Look through the lines below for the word "iPhone", and copy every line that has it.

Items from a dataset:
BEGIN

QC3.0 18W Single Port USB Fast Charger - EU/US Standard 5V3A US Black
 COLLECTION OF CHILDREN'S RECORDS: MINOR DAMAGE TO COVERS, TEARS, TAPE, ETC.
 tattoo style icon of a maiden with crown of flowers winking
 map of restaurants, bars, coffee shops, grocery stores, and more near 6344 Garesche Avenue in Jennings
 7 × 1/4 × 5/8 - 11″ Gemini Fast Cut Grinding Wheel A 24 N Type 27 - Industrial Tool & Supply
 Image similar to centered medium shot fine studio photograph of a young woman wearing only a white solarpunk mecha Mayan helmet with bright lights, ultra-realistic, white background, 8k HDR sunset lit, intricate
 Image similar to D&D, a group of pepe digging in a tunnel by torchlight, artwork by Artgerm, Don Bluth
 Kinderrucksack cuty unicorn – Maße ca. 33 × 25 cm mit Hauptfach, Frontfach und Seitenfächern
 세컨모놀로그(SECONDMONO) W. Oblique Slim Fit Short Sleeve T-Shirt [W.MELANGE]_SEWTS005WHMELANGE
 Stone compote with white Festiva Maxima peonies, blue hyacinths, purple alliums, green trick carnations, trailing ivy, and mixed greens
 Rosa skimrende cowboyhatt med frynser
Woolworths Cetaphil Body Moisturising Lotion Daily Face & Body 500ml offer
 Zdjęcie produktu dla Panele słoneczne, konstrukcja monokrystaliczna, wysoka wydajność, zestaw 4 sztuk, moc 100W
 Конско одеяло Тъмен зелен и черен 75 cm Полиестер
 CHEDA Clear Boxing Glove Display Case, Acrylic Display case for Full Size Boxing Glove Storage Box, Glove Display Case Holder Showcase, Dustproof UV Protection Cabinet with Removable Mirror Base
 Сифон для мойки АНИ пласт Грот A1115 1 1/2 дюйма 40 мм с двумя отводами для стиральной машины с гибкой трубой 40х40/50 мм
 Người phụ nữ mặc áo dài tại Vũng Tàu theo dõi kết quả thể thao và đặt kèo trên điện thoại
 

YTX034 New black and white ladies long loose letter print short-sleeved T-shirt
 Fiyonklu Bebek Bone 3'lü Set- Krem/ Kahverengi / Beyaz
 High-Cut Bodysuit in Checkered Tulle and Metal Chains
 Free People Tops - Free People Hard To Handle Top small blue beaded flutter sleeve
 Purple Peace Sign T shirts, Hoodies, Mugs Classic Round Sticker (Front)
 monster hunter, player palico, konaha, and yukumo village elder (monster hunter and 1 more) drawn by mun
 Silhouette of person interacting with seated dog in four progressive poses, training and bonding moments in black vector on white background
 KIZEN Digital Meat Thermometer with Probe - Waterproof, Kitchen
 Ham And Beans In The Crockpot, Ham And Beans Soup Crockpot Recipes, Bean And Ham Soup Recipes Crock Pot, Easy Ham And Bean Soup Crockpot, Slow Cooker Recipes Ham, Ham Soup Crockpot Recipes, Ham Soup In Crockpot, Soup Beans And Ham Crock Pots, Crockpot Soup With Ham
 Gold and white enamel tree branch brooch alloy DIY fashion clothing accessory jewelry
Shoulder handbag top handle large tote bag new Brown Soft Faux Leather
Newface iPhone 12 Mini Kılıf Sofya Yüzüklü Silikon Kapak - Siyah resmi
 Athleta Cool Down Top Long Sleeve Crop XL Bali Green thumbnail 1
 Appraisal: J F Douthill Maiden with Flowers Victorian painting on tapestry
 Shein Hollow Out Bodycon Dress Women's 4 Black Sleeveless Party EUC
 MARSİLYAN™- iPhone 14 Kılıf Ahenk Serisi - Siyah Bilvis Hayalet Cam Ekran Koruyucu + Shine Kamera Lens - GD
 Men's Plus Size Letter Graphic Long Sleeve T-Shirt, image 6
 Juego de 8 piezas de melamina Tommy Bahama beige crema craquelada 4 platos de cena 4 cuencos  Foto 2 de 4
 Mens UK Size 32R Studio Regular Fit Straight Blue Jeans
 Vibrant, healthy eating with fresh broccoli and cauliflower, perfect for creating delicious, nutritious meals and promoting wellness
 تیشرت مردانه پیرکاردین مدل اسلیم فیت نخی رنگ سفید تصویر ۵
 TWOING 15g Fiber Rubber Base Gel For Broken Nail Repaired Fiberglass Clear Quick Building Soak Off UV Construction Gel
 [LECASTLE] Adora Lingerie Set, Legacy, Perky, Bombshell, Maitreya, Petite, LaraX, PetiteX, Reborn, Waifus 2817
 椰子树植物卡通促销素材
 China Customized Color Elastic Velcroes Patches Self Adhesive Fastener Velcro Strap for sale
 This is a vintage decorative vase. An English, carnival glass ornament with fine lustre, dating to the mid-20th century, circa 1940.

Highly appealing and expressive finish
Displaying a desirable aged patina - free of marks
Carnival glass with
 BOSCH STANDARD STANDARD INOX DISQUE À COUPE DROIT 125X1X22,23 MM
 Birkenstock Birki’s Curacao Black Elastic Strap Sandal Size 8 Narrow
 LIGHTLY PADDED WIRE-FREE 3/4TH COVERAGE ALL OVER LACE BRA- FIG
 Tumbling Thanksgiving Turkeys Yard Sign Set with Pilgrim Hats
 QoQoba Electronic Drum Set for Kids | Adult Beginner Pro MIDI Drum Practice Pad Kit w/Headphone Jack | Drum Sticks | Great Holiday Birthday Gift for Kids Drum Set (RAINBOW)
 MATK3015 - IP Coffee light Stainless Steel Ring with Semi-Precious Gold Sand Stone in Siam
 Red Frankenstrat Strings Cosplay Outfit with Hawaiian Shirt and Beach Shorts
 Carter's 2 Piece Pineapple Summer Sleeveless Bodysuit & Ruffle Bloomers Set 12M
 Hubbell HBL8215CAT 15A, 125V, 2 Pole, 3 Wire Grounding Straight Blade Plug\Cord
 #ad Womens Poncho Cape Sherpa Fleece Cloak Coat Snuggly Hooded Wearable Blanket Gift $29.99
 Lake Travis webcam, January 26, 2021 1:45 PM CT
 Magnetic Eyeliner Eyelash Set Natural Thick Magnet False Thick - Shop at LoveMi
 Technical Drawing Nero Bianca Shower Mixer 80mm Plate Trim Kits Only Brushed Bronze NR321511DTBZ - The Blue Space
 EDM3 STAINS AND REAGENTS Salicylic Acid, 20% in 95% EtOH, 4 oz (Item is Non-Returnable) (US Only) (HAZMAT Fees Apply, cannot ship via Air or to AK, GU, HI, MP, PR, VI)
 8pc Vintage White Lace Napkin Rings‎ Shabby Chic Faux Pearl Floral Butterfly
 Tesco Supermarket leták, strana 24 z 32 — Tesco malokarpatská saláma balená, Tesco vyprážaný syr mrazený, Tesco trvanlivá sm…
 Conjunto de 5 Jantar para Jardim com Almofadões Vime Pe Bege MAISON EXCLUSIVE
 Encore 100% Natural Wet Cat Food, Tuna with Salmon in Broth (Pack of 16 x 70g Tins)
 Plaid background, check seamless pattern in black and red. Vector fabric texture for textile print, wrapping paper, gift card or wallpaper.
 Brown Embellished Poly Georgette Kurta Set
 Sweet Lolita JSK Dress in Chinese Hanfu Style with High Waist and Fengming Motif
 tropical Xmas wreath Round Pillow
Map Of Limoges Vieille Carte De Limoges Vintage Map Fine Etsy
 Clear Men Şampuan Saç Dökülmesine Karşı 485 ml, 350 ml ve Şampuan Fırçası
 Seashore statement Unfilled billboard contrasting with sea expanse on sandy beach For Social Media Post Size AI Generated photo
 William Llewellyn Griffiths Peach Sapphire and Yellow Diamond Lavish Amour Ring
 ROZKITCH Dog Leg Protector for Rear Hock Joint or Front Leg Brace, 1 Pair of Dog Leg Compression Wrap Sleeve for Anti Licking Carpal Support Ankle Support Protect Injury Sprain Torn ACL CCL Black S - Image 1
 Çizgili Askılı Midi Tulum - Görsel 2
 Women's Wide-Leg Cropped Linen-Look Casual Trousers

END

• Answer to the exercise:
Newface iPhone 12 Mini Kılıf Sofya Yüzüklü Silikon Kapak - Siyah resmi
 MARSİLYAN™- iPhone 14 Kılıf Ahenk Serisi - Siyah Bilvis Hayalet Cam Ekran Koruyucu + Shine Kamera Lens - GD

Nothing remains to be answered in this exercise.